To run careless, we use, for example:
expt=e047
in=./mtzs
out=./careless_runs/careless-
careless poly \
<other keys>
--double-wilson-parents=None,0,0 \
--double-wilson-r=0,0.998,0.998 \
--double-wilson-reindexing-ops="x,y,z;x/3-y/3+2/3*z-1/3,2/3*x+y/3+z/3-1/6,-x/3+y/3+z/3-1/6;x/3-y/3+2/3*z-1/3,2/3*x+y/3+z/3-1/6,-x/3+y/3+z/3-1/6" \
"Hh,Kh,Lh,X,Y,file_id,Wavelength,dHKL,BATCH" \
$in/cdef_hs_${expt}_off_sg213.mtz \
$in/cdef_hs_${expt}_off_sg146.mtz \
$in/cdef_hs_${expt}_200ns_sg146.mtz \
$out/merged_${expt}
Full careless scripts can be found in the accompanying Zenodo deposition.
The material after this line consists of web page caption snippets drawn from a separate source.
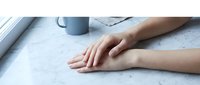 Woman hands resting on white marble surface near window with soft natural light creating calm peaceful atmosphere for relaxation and mindfulness.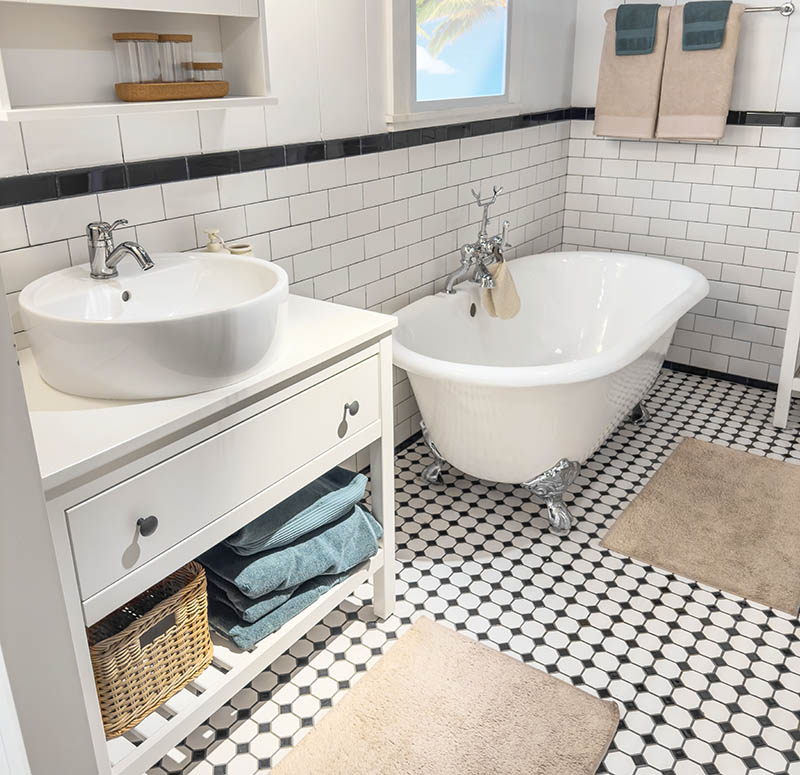 Free standing bathtub in a stylish bathroom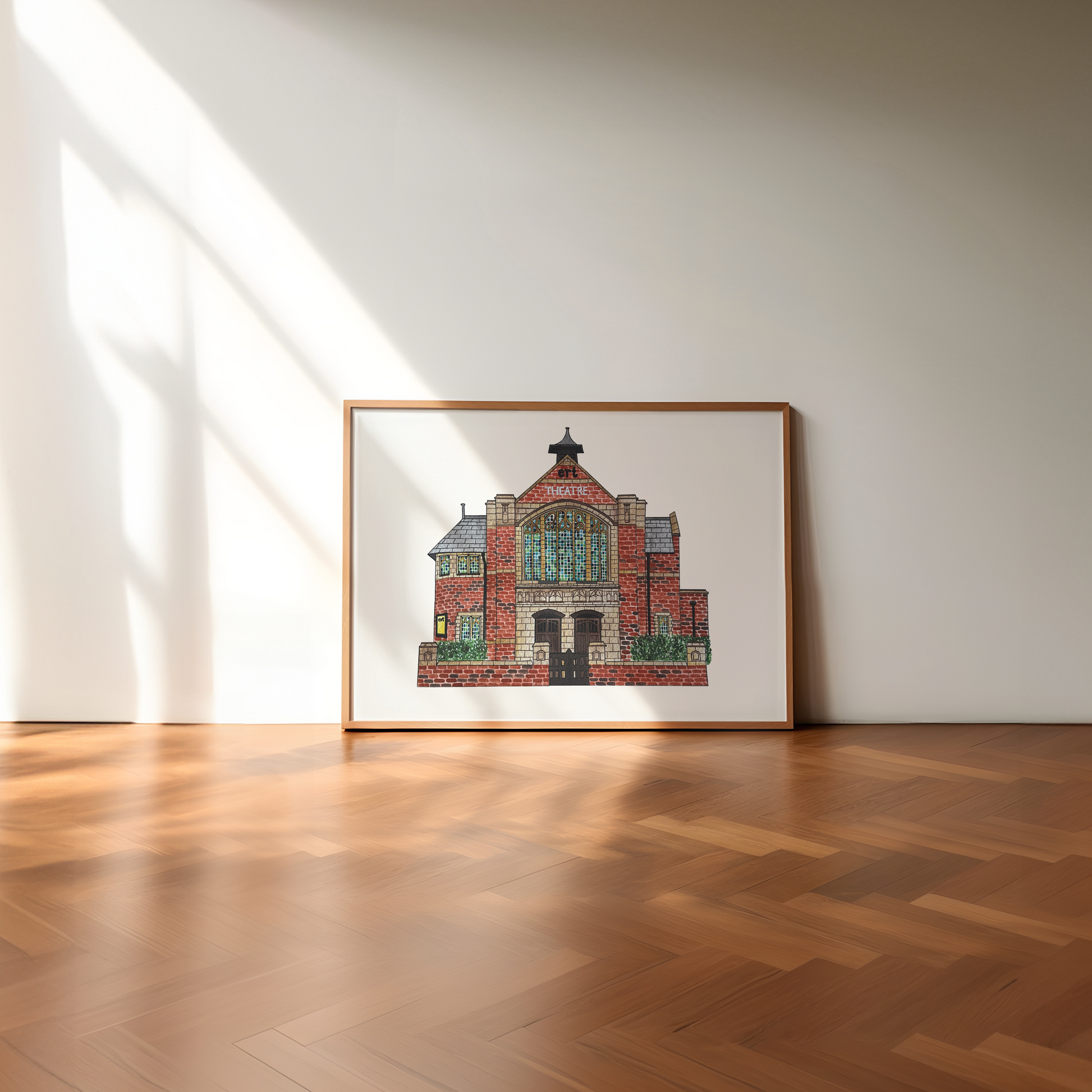 Framed artwork of a east riding theatre beverley on a white wall with wooden floor
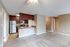 Modern apartment interior showcasing an open-concept kitchen with elegant cabinetry, sleek stainless steel appliances, and a spacious living area with soft carpet and neutral tones.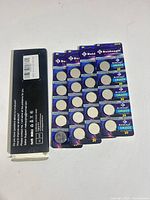 Five unopened 4-packs of Beidongli CR2025 coin cell batteries and outer box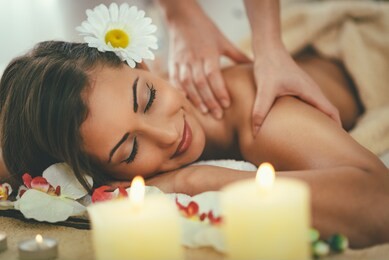 beautiful woman enjoying during a shoulder massage at a spa. 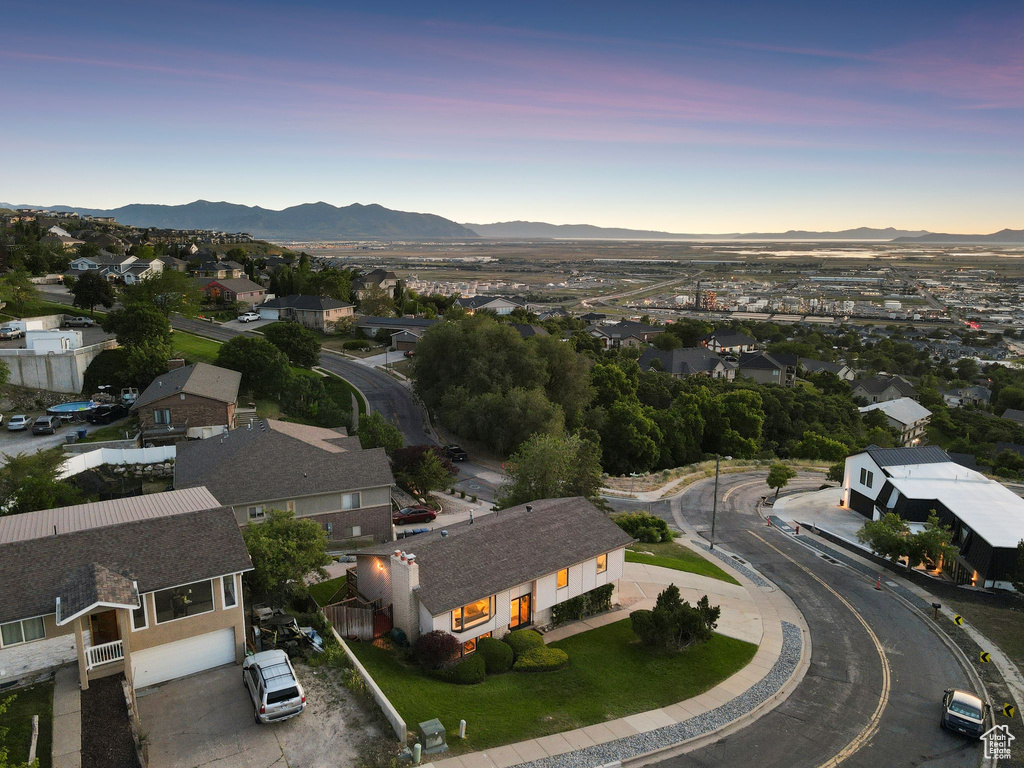 Aerial view at dusk of a mountain view and a residential view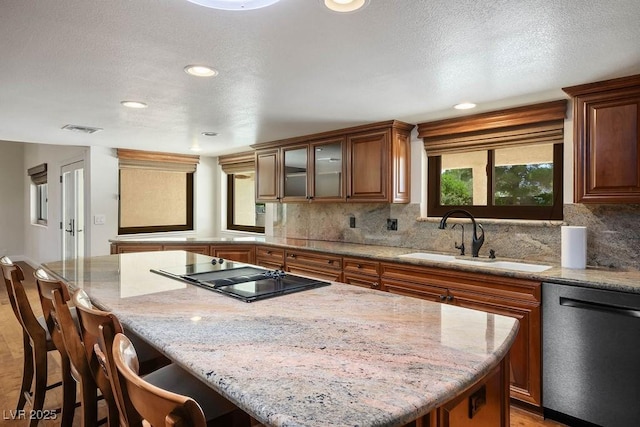8365 S Hauck St, Las Vegas, NV 89139 - kitchen with dishwasher, black electric cooktop, a sink, a center island, and backsplash
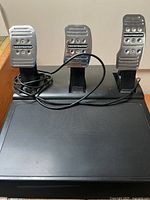 Top view of three metallic racing pedals mounted on a black base with visible Thrustmaster branding and attached cables.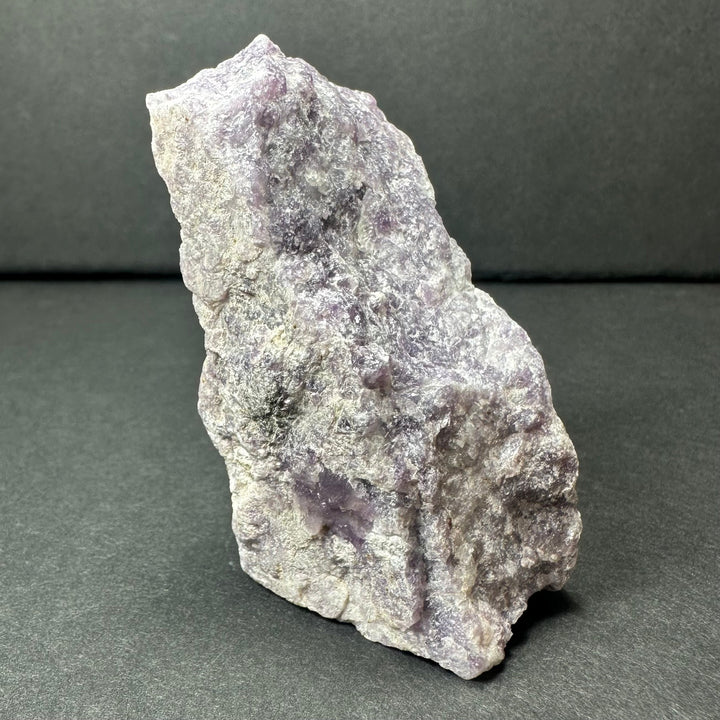 Rough purple lepidolite stone, angled view with violet patches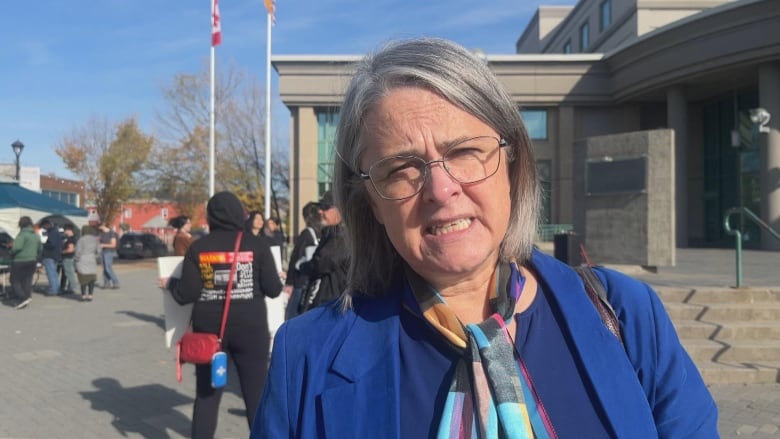 A woman in wire-rimmed glasses and grey hair in a blue suit with a multi-coloured scarf stands outside a municipal building. 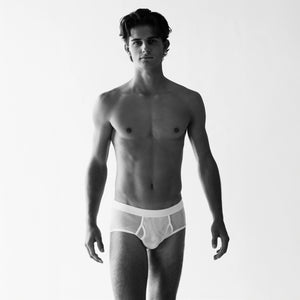 A person models the Platan Organic Cotton Mesh Briefs from The White Briefs in a black and white photo, gazing ahead against a plain background.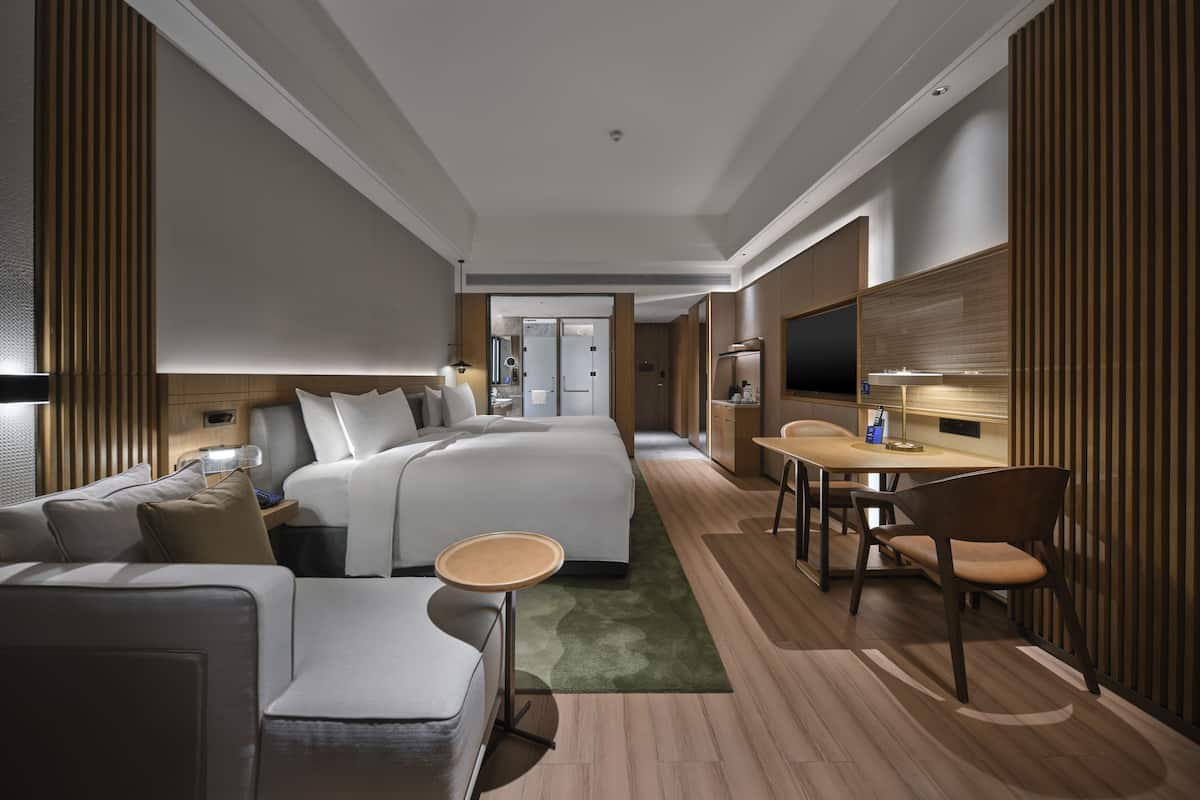 A modern hotel room with a large bed, a sofa, a small table, a TV, and a desk with a chair.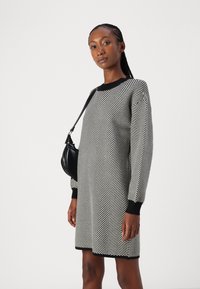 Vestido em padrão espinha de peixe preto e branco com mangas longas, gola e punhos canelados pretos, combinado com uma pequena bolsa preta. Textura suave.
We can then compute CCsyms from the sg146 Careless outputs, as in the accompanying Zenodo deposition.
To change the basis of a low-symmetry model:
regroup.basis_change_pdb ./refinement/rbr/pdz3_cript_ds4-2_refine_85_chain-merge.pdb ./refinement/rbr/ls_cb.pdb --child-subgroup-json=./scripts/subgroup_PDZ3.json
where we have obtained the ./scripts/subgroup_PDZ3.json from using the --export-subgroup-json ./scripts/subgroup_PDZ3.json in the original regroup function call. ./refinement/rbr/pdz3_cript_ds4-2_refine_85_chain-merge.pdb is the input pdb file with the high-symmetry asymmetric unit, and ./refinement/rbr/ls_cb.pdb is the desired output pdb destination. We recommend, however, first building your own pdb file using molecular replacement to get a sense of the symmetry.
Once careless finishes runnning, you are ready to refine your ./refinement/rbr/ls_cb.pdb against the Careless output (with or without extrapolation).